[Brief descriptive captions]
⟨
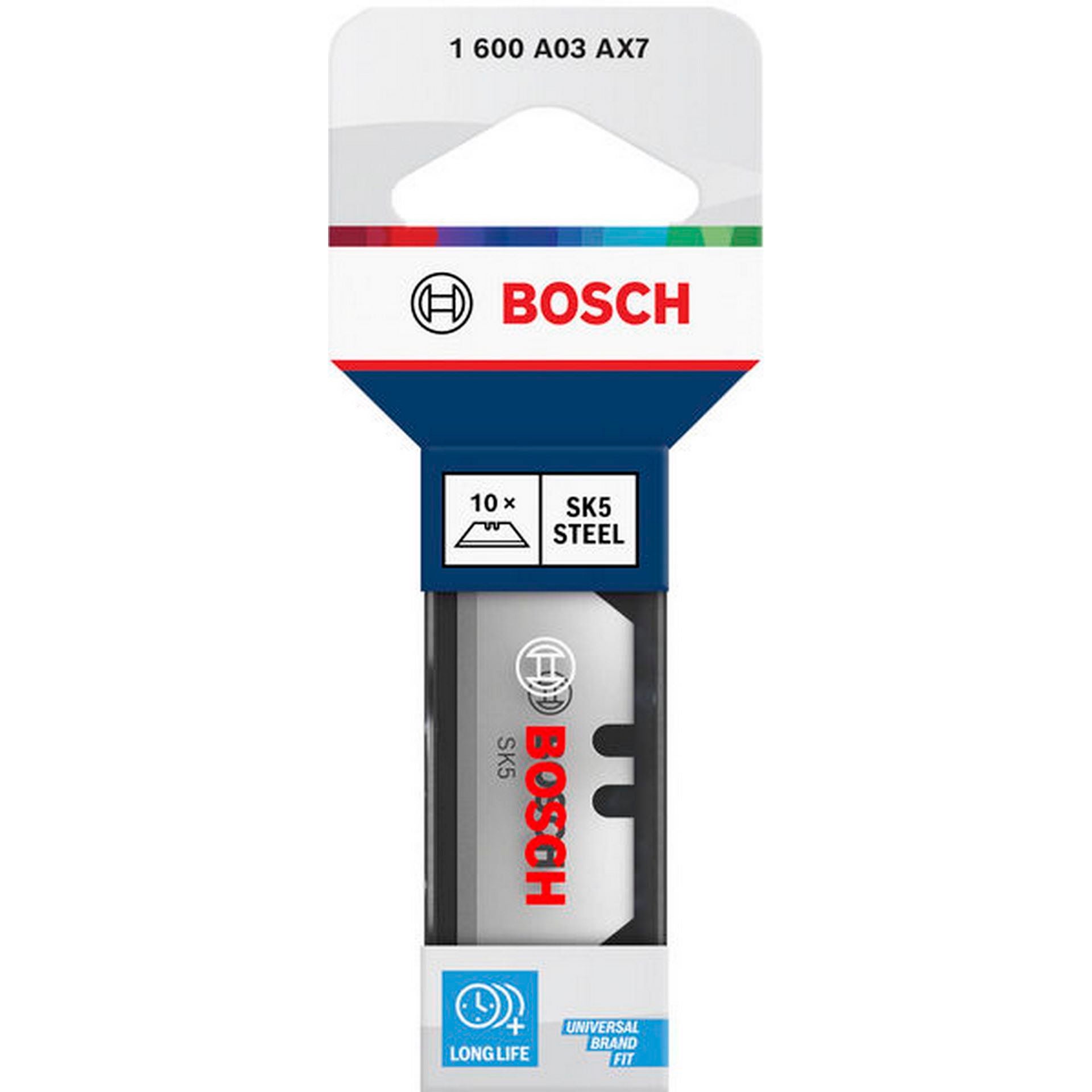 Bosch Trapezklinge, 10-tlg. #1600A03AX7
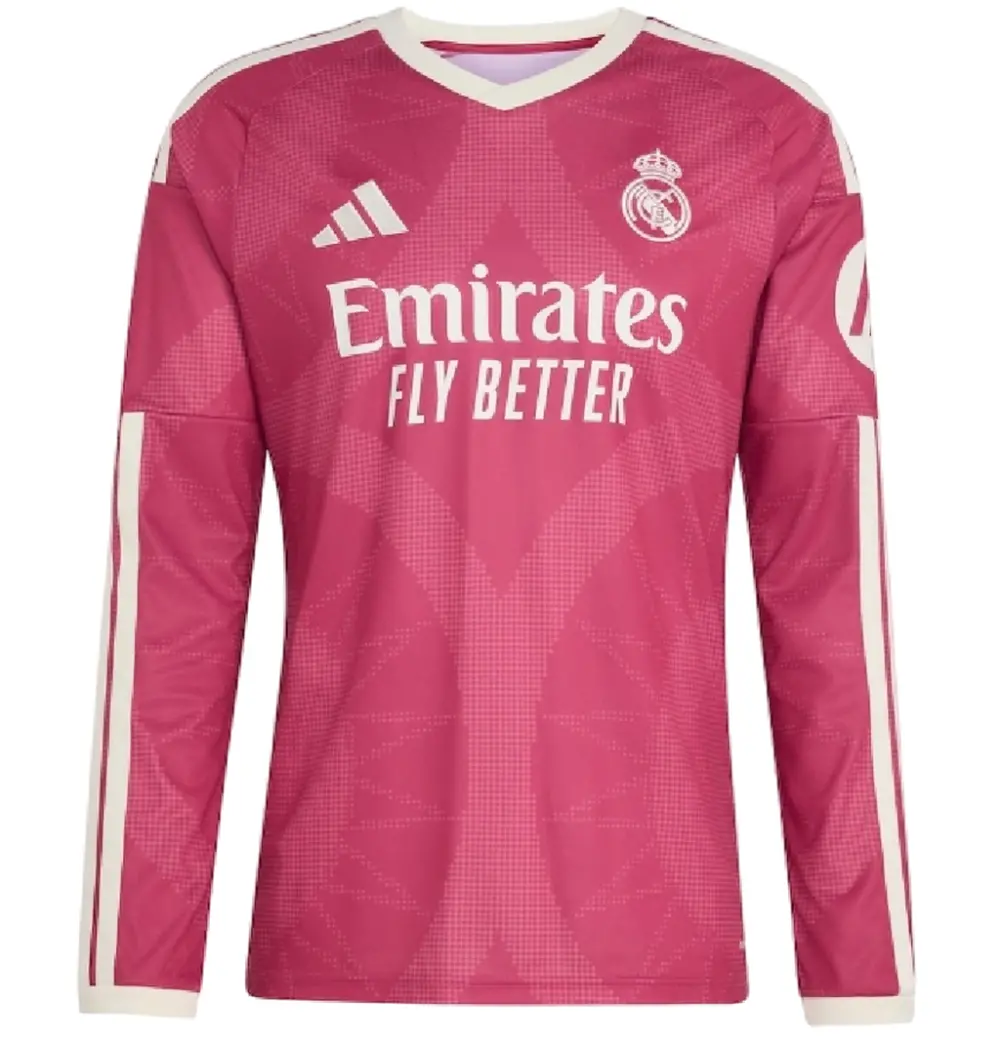 Áo Adidas Real Madrid 26/27 Long-Sleeve Third Jersey KH1275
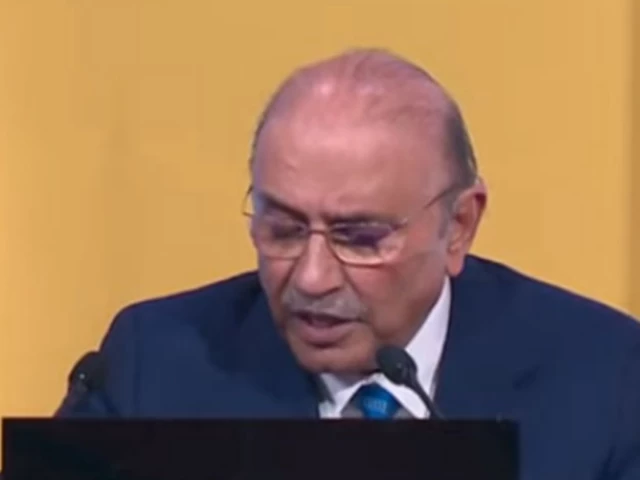 Zardari calls for poverty eradication, equal rights for all at Doha summit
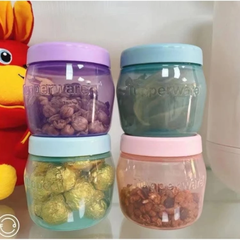 Bộ 4 Bình Jar 325ml Tupperware- Tuppẻware Trung Chính Hãng
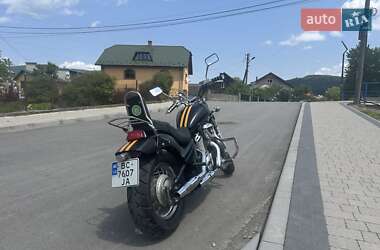 Мотоцикл Классик Honda Steed 400 VSE 1996 в 
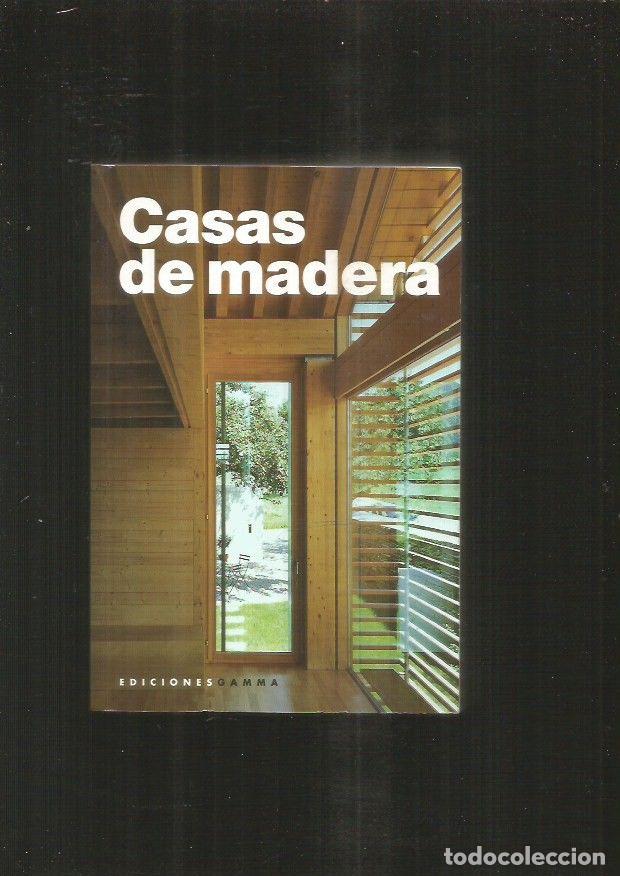 Libros: CASAS DE MADERA - BRAGHIERI, NICOLA (EDICION) - Foto 2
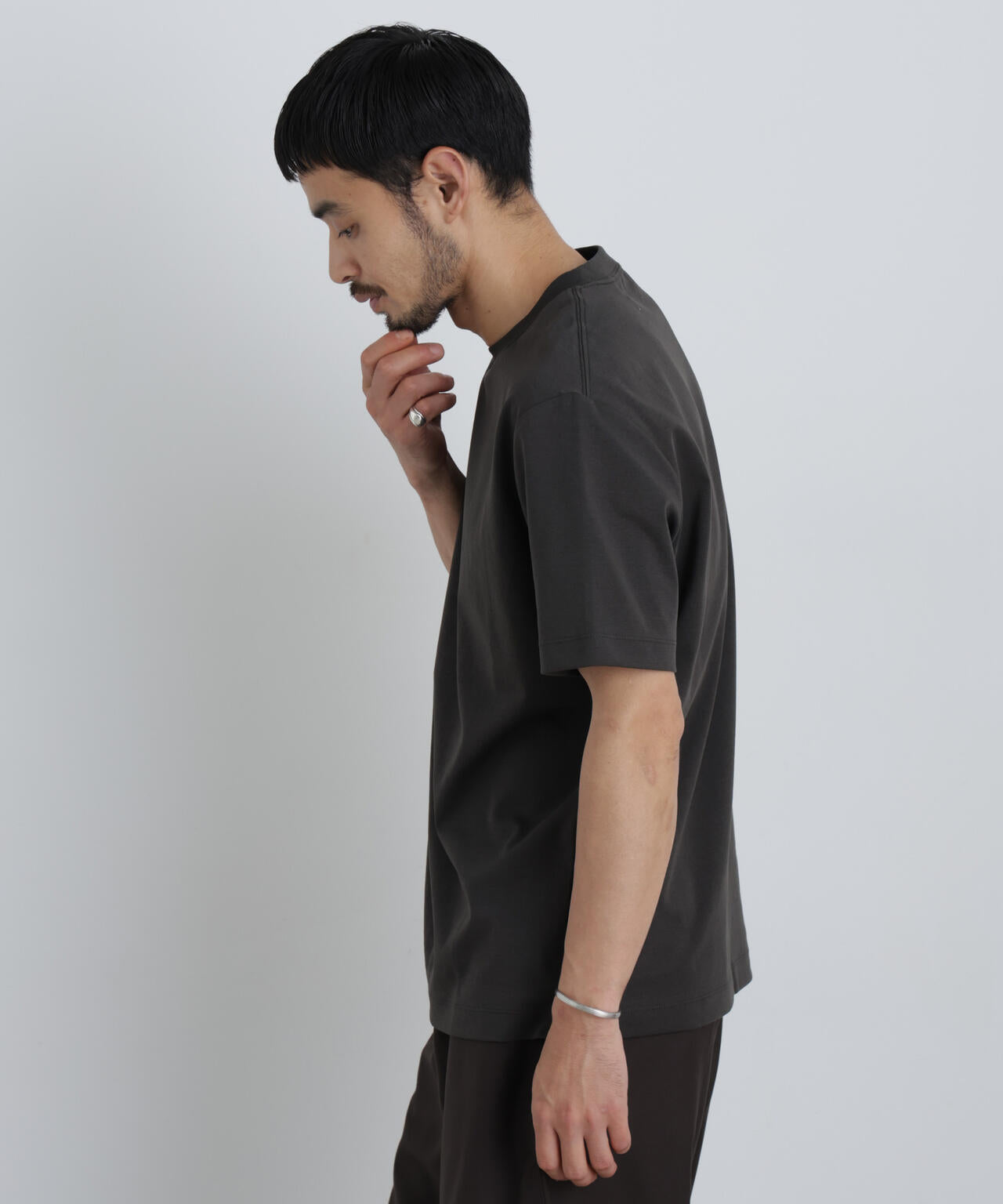 【接触冷感】60ポンチTシャツ 半袖 6726124249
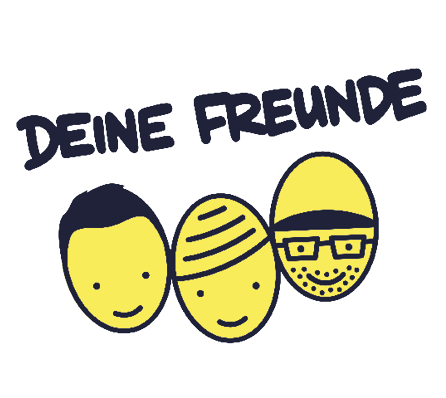 Logo der Kinderband 'Deine Freunde'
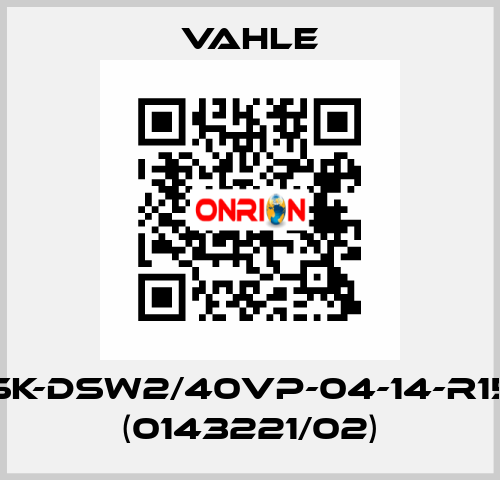 SK-DSW2/40VP-04-14-R15 (0143221/02) Vahle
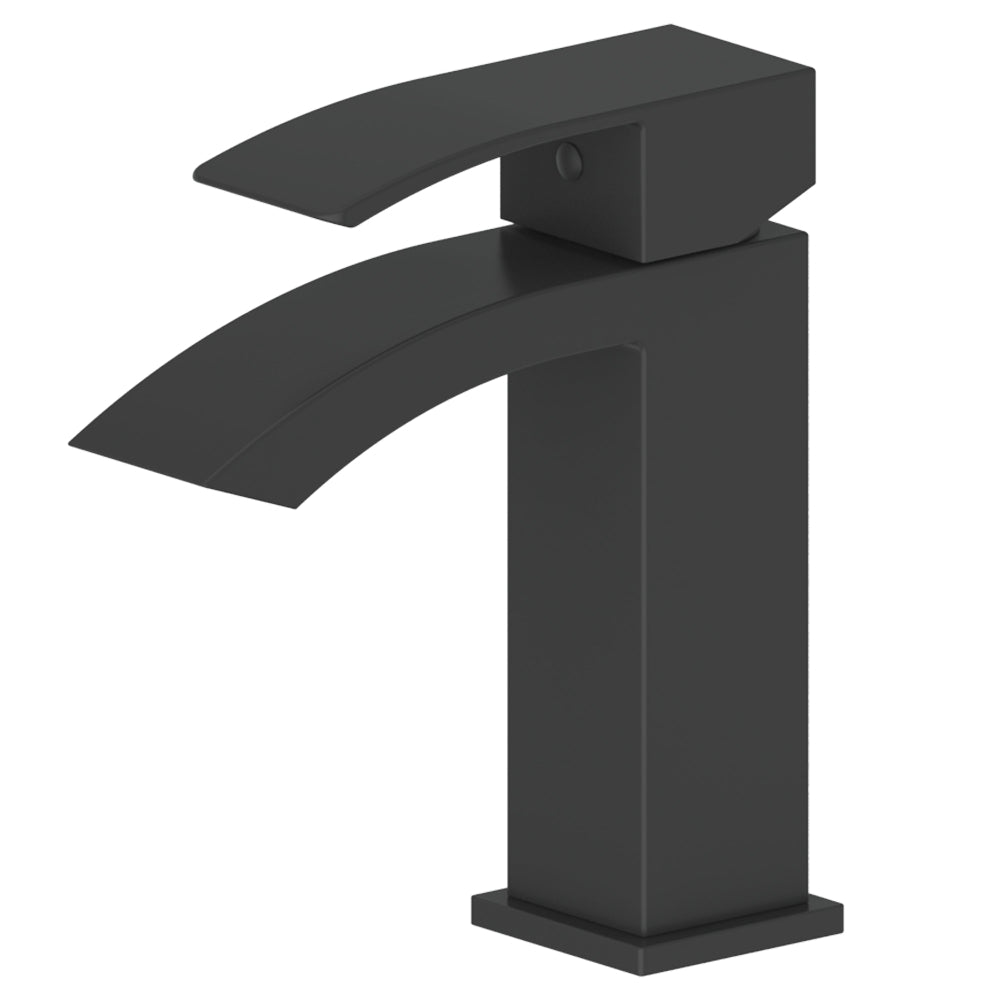 ZLINE Autograph Edition Zephyr Single Handle Bath Faucet in Matte Black (ZEP-BF-MB)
⟩
▶ Exercise prompt
Restate the data above word for word, so that the only difference is the missing pictures.

▶ Result of this task
 Bosch Trapezklinge, 10-tlg. #1600A03AX7
 Áo Adidas Real Madrid 26/27 Long-Sleeve Third Jersey KH1275
 Zardari calls for poverty eradication, equal rights for all at Doha summit
 Bộ 4 Bình Jar 325ml Tupperware- Tuppẻware Trung Chính Hãng
 Мотоцикл Классик Honda Steed 400 VSE 1996 в 
 Libros: CASAS DE MADERA - BRAGHIERI, NICOLA (EDICION) - Foto 2
 【接触冷感】60ポンチTシャツ 半袖 6726124249
 Logo der Kinderband 'Deine Freunde'
 SK-DSW2/40VP-04-14-R15 (0143221/02) Vahle
 ZLINE Autograph Edition Zephyr Single Handle Bath Faucet in Matte Black (ZEP-BF-MB)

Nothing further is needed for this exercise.